Over the past two decades, the primary prevention and treatment (secondary prevention) of coronary artery disease (CAD) has been dramatically altered with the advent of effective lipid-lowering agents, especially 3-hydroxy-3-methylglutaryl coenzyme A (HMG-CoA) reductase inhibitors, or statins. Clinical practice guidelines in the United States (US) and Canada have increasingly set lower low-density lipoprotein cholesterol (LDL-C) targets for optimal therapy in terms of cardiovascular morbidity and mortality (1,2). Consequently, tracking surveys have shown that many patients, especially those in the highest tier of cardiovascular risk, do not reach recommended guidelines (3,4); however, care must be taken when interpreting such studies. Although the recommended LDL-C target for very high-risk individuals in the US is now less than 1.8 mmol/L (based on the Pravastatin or Atorvastatin Evaluation and Infection Therapy – Thrombolysis in Myocardial Infarction [PROVE-IT TIMI-22] and Treating to New Targets [TNT] studies [5,6]), one should keep in mind that this figure was the mean level achieved at the completion of the trials. Assuming a normal distribution of LDL-C across the study subjects, one-half would be expected to have an on-trial LDL-C above this level.

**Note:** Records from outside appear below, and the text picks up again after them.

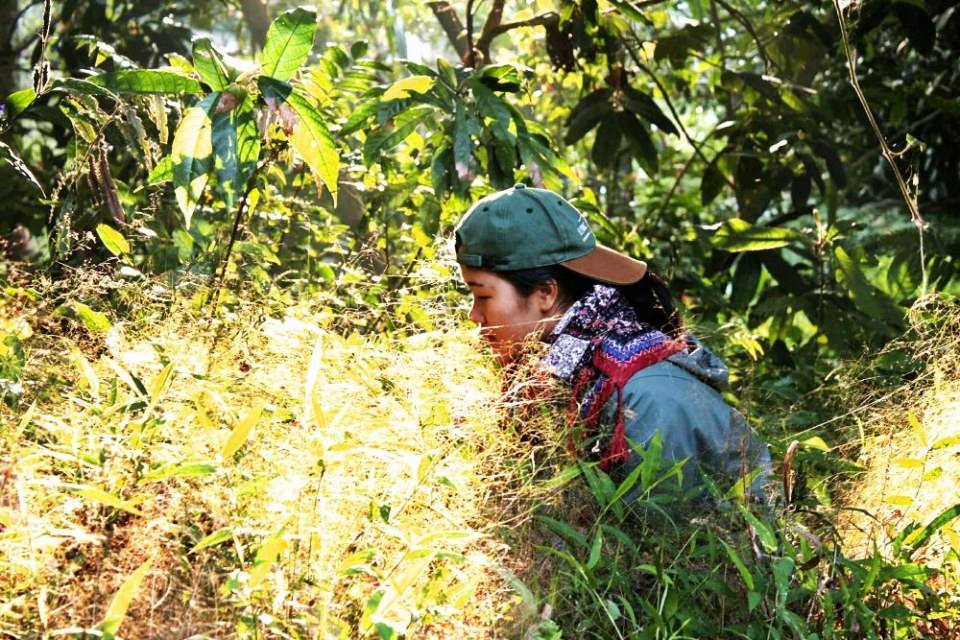 ฅ.สร้างภาพ (กาญจนบุรี ทุ้งใหญ่นเรศวร ตะวันตก)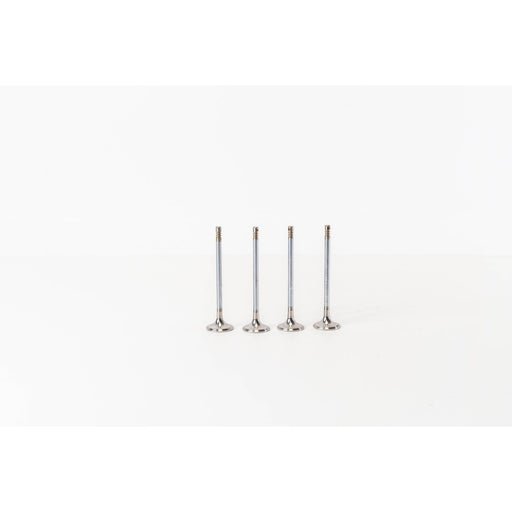 826990 Outlet valve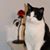 Neal Ranzoni's profile image
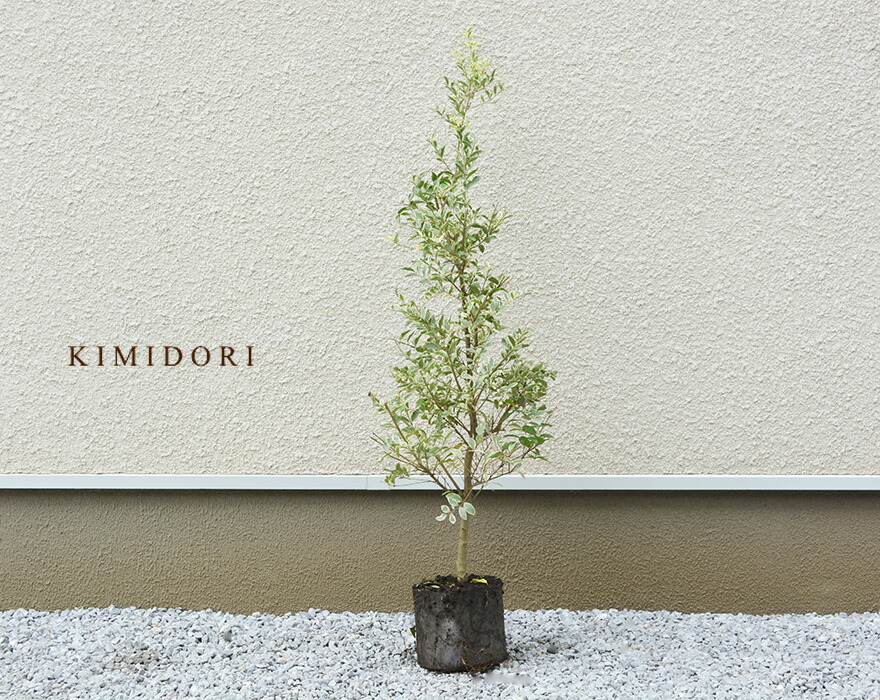 ふるさと納税 隣家 フェンス 生垣 エクステリア ガーデニング 庭木 目隠し シンボルツリー 苗木 苗 植木 鉢植え おしゃれ プリペット 人気 約100cm 5本 シルバープリペット 10日限定クーポン 新築 シルプリ 育てやすい 新築祝い お祝い 木 鉢 常緑 シルバー 園芸 D02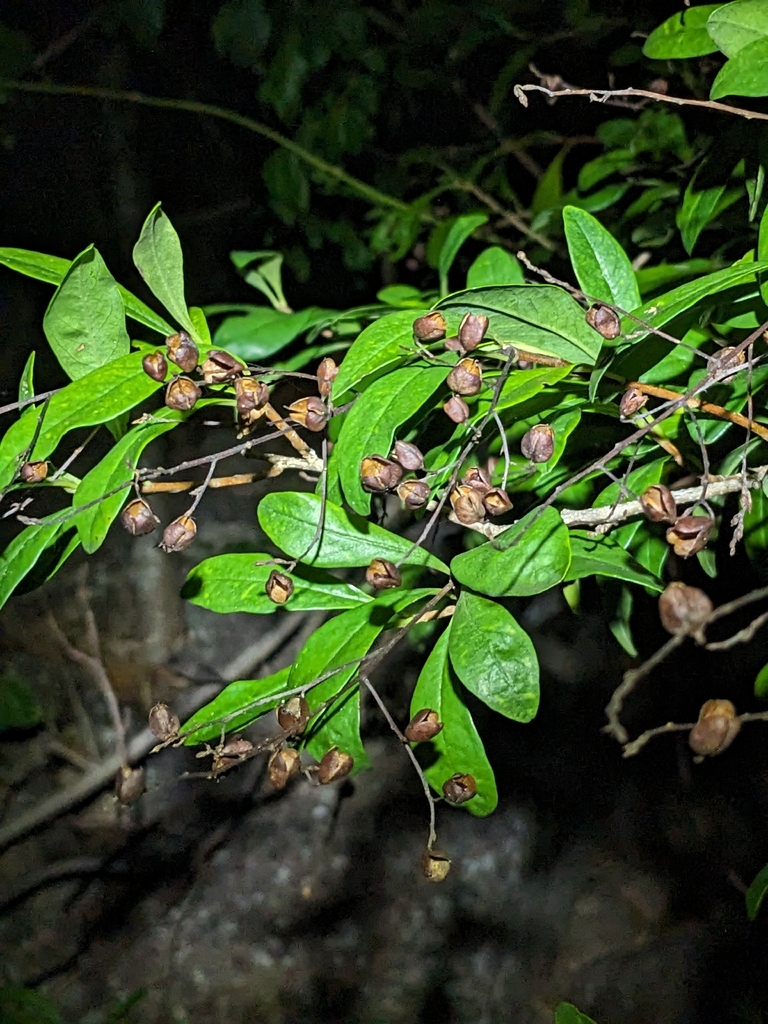 Bursaria tenuifolia (Bursaria tenuifolia)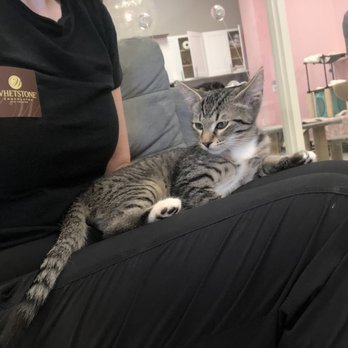 Frisky Cat Cafe - Kitten - Cafes Near Me - St. Augustine, Florida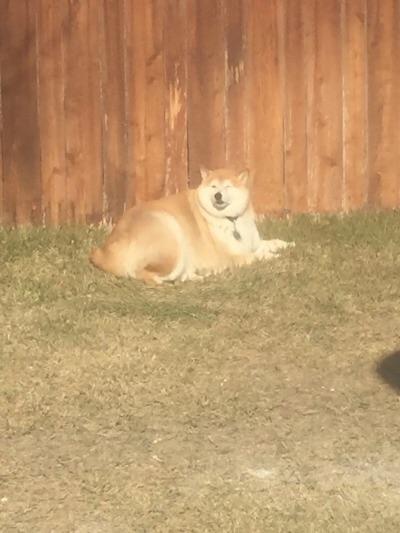 画像あり ガイジーヌ 現るｗｗｗｗｗｗｗｗｗｗｗ ネギ速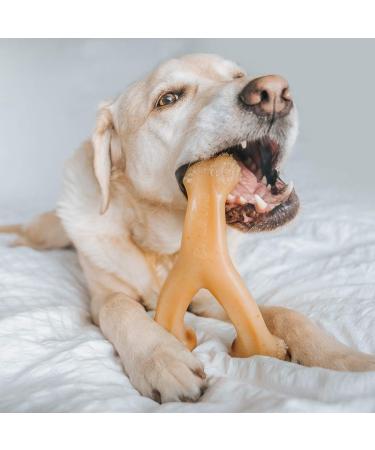 Benebone Wishbone Dog Chew Toy for Aggressive Chewers - Real Chicken Flavor | Large Size - International Shipping Available - Buy Online on GoSupps.com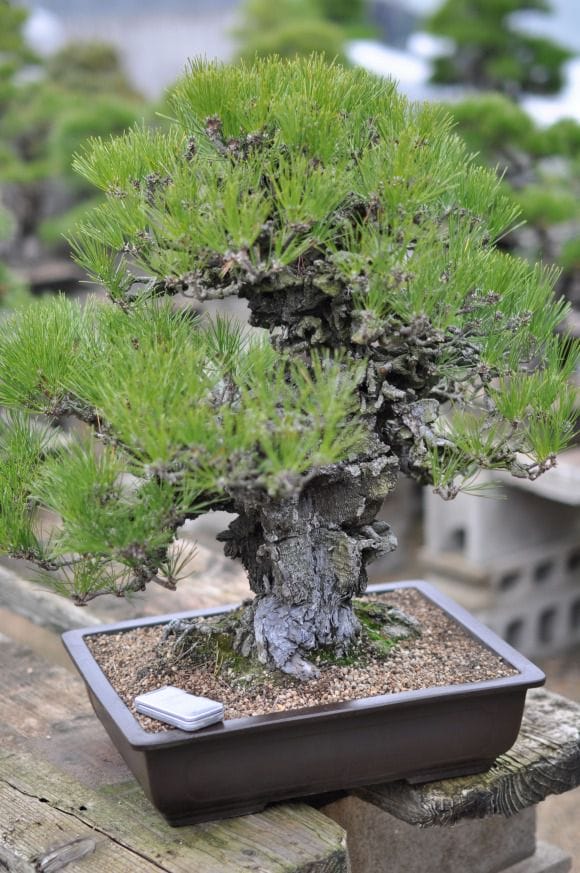 錦松 1点もの No.25の盆栽を販売｜入門は盆栽妙 – 盆栽妙 本店
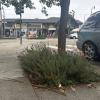 Sidewalk Garden Refresh Among Winning Participatory Budgeting Proposals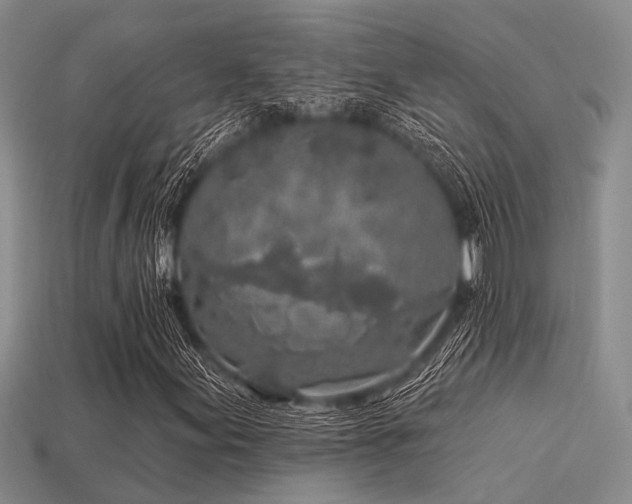 X0000113611155200909181413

In the past 20 years, clinical trials examined the effect of lowering total cholesterol (TC) and LDL-C on cardiovascular end points, cardiovascular morbidity and total mortality. These have been reviewed elsewhere (7). The landmark Lipid Research Clinics Coronary Primary Prevention Trial (LRC-CPPT) used cholestyramine to lower TC levels and resulted in a reduction of cardiovascular end points (8). Bile acid sequestrants were initially used for the treatment of severe hypercholesterolemia. This was the first large-scale trial of cholesterol-lowering therapies for the prevention of CAD. A trial of ileal bypass surgery (to limit ileal absorption of cholesterol) showed that lowering of serum cholesterol by decreasing its absorption resulted in decreased cardiovascular events in patients with severe hypercholesterolemia, albeit at a cost of noncardiac morbidity (9).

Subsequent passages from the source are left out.